The period after the election was one of uncertainty in which corporate players conducted research and undertook feasibility studies rather than placing direct investment in South Africa, and it is only recently that the renewed interest has begun to bear fruit.
One of the more important developments in South African law has been the deregulation of the Johannesburg Stock Exchange (JSE), which is the only exchange in the country.
A report commissioned in 1992 recommended a series of far-reaching changes for the deregulation of the JSE which were announced at the end of 1994. The reforms have started to be implemented and have prompted many UK merchant banks to establish a presence in South Africa.
Perhaps the most important change to the South African Stock Exchange Act and rules has been to open up membership of the exchange, to allow corporate membership of the JSE; membership used to be restricted to South African citizens over the age of 21.

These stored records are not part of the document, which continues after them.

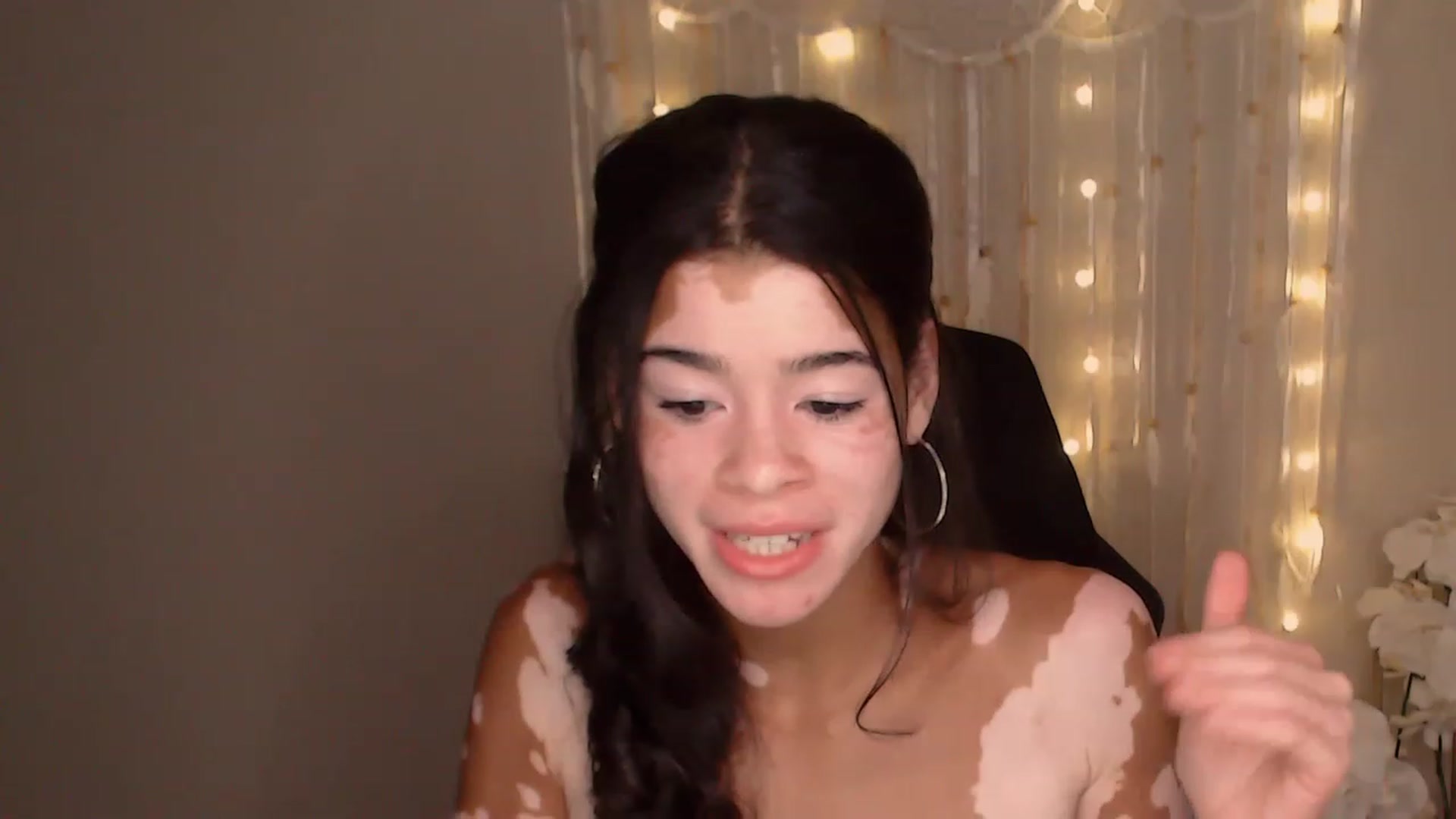 Gallery image thumbnail from Jade_Luv7's myfreecams stream on, 07/29/2023, 02:13 image 4 of 20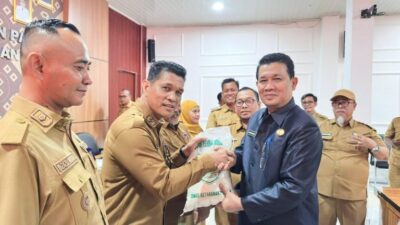 Mewakili Bupati Toha Tohet Sekda Muba Drs Syafaruddin MSi Salurkan Cadangan Pangan untuk  Desa Rentan Rawan Pangan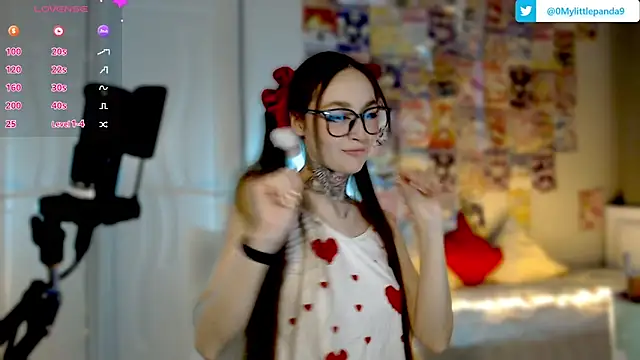 Milky way UwU online show from 03/16/25, 01:07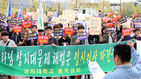 섬네일이미지  3:상지대학교 학생들이 23일 오후 정부세종청사 교육부 앞에서 집회를 열고 상지학원 이사회 전원 사퇴 및 교육부의 임시이사 즉각 파견을 촉구하고 있다. 
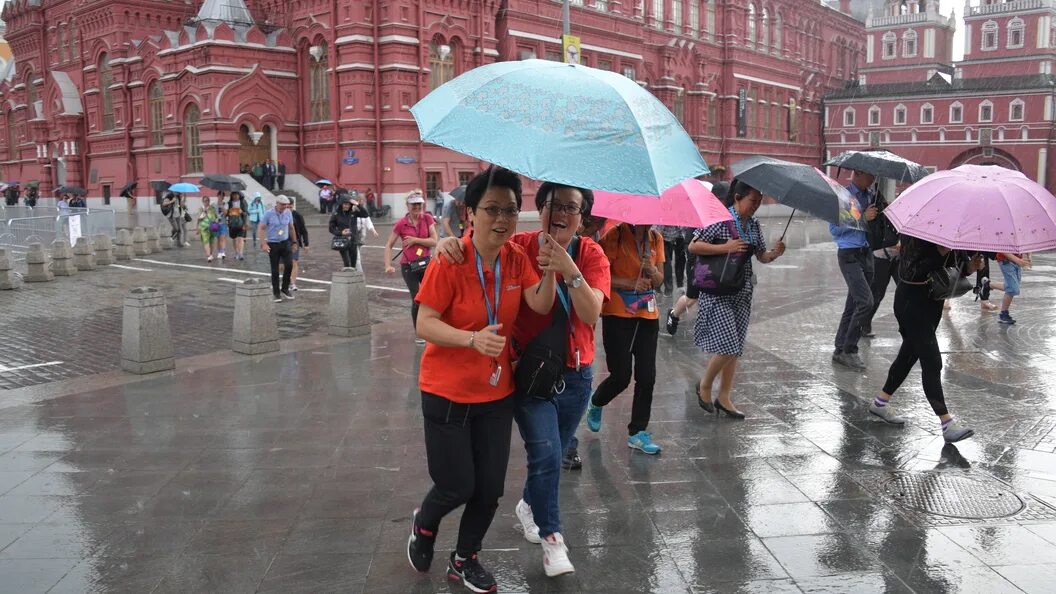 В чем сейчас ходят люди. Китайские туристы в Москве дождь. Москва люди. В чем ходят в Москве. Москвичи летом.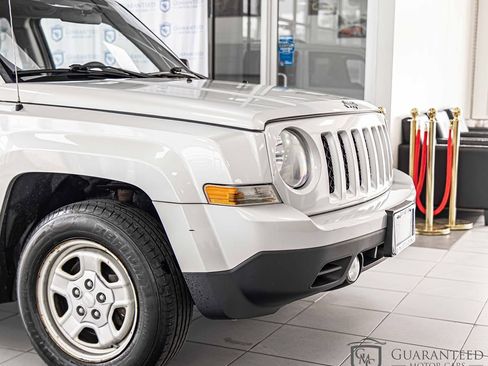 Used 2012 Jeep Patriot Sport image 4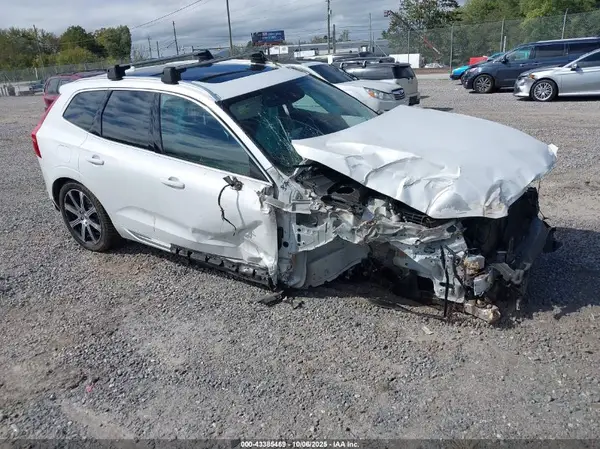 YV4102DL4M1860713 2021 VOLVO XC60 - Image 1
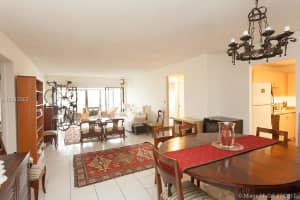 575 Crandon Blvd, Key Biscayne, FL 33149, Sold 12/08/17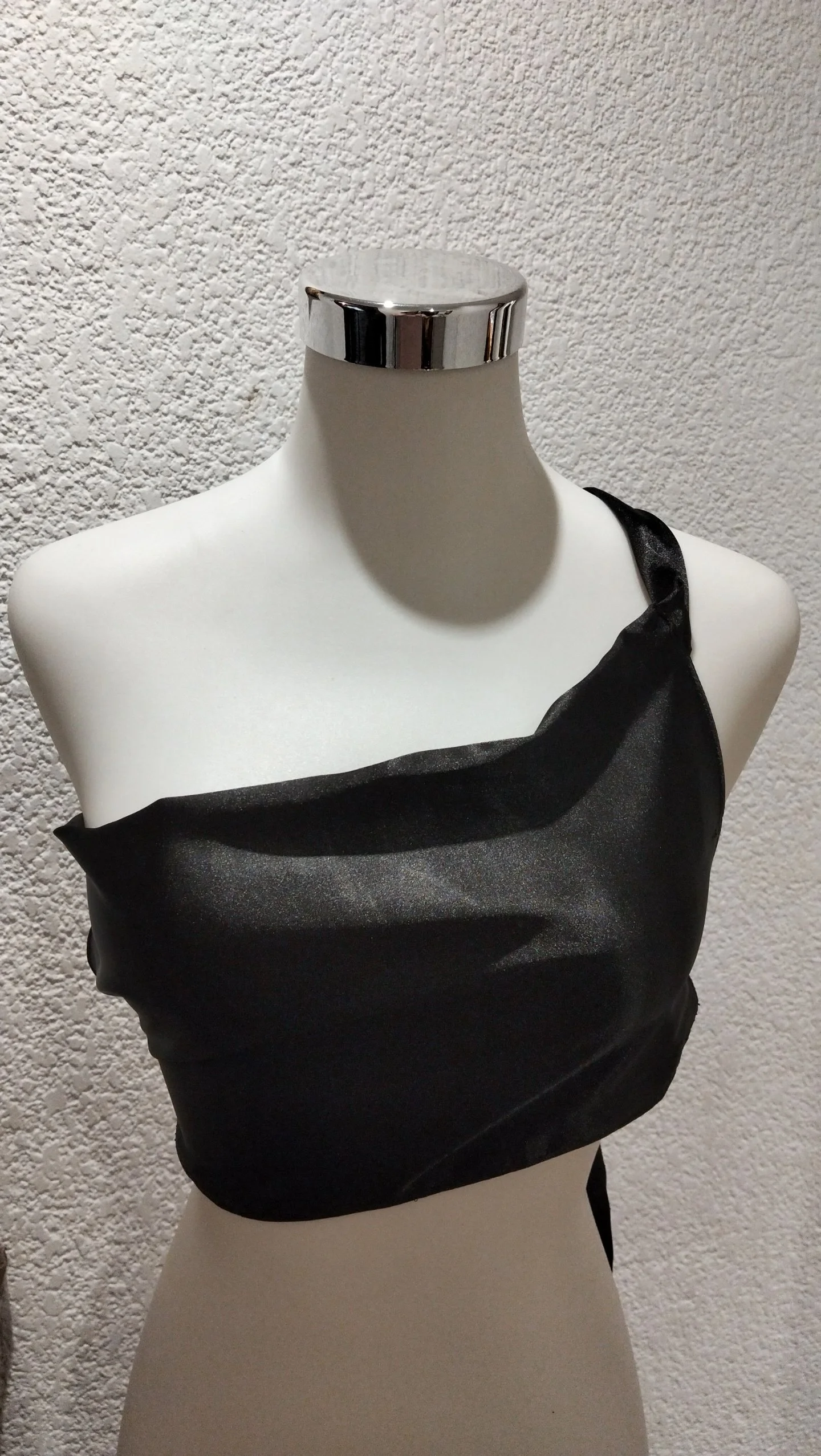 Top negro multiposición.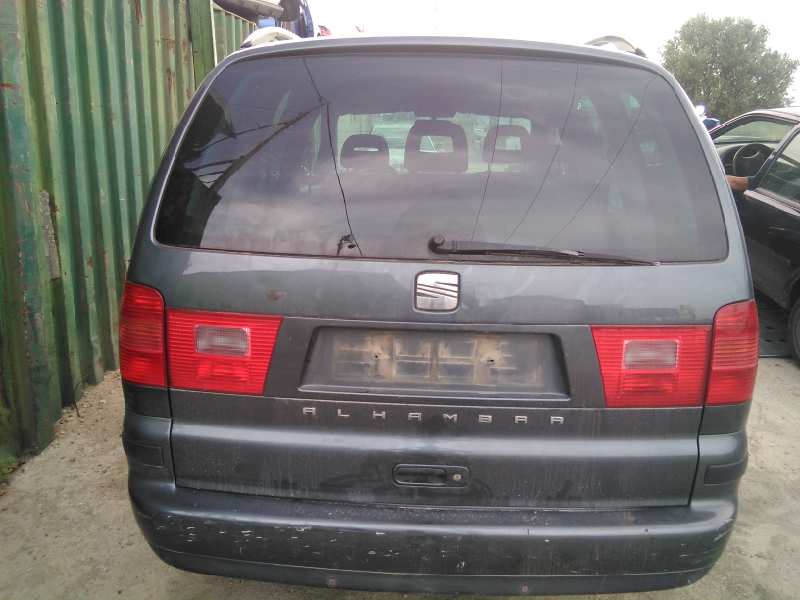 SEAT Alhambra 1 generation (1996-2010) Охлаждающий радиатор 7M3820411E 19289060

The amendments to the Act and rules permit companies and non-stockbrokers to buy a 100 per cent equity stake in stockbroking companies or enter into joint ventures with them. UK merchant banks involved in such acquisitions or joint ventures include the National West- minster Bank, Merrill Lynch, Morgan Grenfell & Co, SBC Warburg and UBS.
These acquisitions have led to an expansion of the South African market and the introduction of new technology, particularly in relation to over-the-counter derivatives. However, this progress has been partly inhibited by exchange control regulations, which remain in place despite a certain degree of relaxation.
In addition to entering the stockbroking arena in South Africa, many UK banks have registered as banks in South Africa or have established a representative office there in anticipation of the potential privatisation of various state-owned assets. South African banks have undertaken a similar exercise and most of the larger ones now have a presence in London.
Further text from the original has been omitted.